Désagrégation – L’édito de Patrice Chabanet
La succession des manifestations, de plus en plus imposantes, contre Bouteflika fait penser à une autre séquence qui, elle, s’est jouée en Europe. C’était en 1989. Chaque lundi, des centaines, puis des dizaines de milliers de manifestants défilaient dans les rues de Leipzig, pour réclamer la démocratisation de l’ex-RDA. Un combat qui a fini par payer, en faisant imploser la dictature communiste et qui s’est terminée par la réunification de l’Allemagne. Dans l’Algérie d’aujourd’hui, les défilés suivent aussi un rituel, celui du vendredi. Autre point commun : le mouvement de contestation se veut pacifique, comme il l’était en Allemagne de l’Est. En cela, les opposants au cinquième mandat de Bouteflika se montrent particulièrement avisés : l’absence de violences ôte tout prétexte au pouvoir en place pour se lancer dans une hasardeuse politique de répression. Et, du même coup, le mouvement gagne en popularité. Pas de casse, pas d’affrontement avec la police, ce sont des milliers de manifestants supplémentaires.

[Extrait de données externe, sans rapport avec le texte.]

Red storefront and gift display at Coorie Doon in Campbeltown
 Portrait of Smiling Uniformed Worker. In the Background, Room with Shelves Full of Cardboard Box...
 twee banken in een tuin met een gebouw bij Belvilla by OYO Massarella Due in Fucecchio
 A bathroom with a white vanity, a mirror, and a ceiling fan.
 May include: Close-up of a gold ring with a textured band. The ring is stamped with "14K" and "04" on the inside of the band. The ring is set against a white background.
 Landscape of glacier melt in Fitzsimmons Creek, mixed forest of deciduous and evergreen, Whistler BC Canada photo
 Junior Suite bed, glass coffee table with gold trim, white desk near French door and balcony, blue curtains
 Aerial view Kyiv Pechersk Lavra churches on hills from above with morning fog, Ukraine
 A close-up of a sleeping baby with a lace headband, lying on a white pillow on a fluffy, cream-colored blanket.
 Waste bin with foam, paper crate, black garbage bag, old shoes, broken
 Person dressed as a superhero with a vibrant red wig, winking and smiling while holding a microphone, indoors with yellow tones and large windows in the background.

De toute évidence, le pouvoir ne sait plus quoi faire, à commencer par le président dont on se demande s’il est encore conscient de ce qui se passe dans son pays. Les revendications s’élargissent pour devenir une opposition frontale, non plus seulement contre la « momie » de Genève, mais contre le système. Les avocats, les médecins, les journalistes, les intellectuels montent au front de la contestation. Plus grave pour le régime : des soutiens le lâchent, comme les associations d’anciens combattants. Quand le navire coule…Le processus de désagrégation est tellement avancé que peu de responsables politiques veulent se compromettre avec un système en fin de course. Quant à l’armée, du moins au niveau de la troupe, elle n’est sûrement pas fiable pour casser le mouvement. La seule question qui vaille aujourd’hui est la suivante : comment le peuple algérien va-t-il transformer la victoire qu’il a déjà remportée dans la rue ? Nombreux sont ceux qui voudraient savoir. Pas seulement en Algérie.